Inside MPEG-7 – Riding the Media Bits

Before starting this page I must warn the reader that MPEG-7 has more elements of abstractness, compared to previous MPEG standards that may make reading it more difficult than other pages. With this warning, let’s start from some definitions that will hopefully facilitare understanding of the MPEG-7 standard.

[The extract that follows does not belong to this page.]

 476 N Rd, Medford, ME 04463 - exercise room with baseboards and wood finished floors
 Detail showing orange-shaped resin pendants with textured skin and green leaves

Element	Definition	Examples
Data	The audio-visual information to be described using MPEG-7	MPEG-4 elementary streams, Audio CDs containing music, hard disks containing MP3 files, synthetically generated pictures or drawings on a piece of paper
Feature	A distinctive characteristic of a Data item that means something to somebody	Colour of a picture, particular rhythm of a piece of music, camera movement in a video or cast of a movie
Descriptor	A representation of a Feature. It defines the syntax and semantic of the representation of the Feature. Different Descriptors may very well represent the same Feature	Feature “colour” that can be represented as a histogram or as a frequency spectrum
Descriptor Value	An instantiation of a Descriptor for a given Data set. Descriptor Values are combined through the Description Scheme mechanism to form a Description
Description Scheme	The specification of the structure and semantics of relationships among its components. These can be Descriptors or, recursively, Description Schemes. The distinction between a DS and a D is that a D just contains basic data types and does not make reference to any other D (and, obviously, DS)	A movie that is temporally structured in scenes, with textual descriptions at scene level and some audio descriptors of dialogues and background music

In the following, Ds and DSs are collectively called Description Tools (DT).

The figure below represents the main elements making up the MPEG-7 standard.

Figure 1 – The main MPEG-7 elements

MPEG-7 provides a wide range of low-level descriptors.

MPEG-7 Visual Tools consist of basic structures and Ds that cover the following basic visual features: Color, Texture, Shape, Motion and Localisation.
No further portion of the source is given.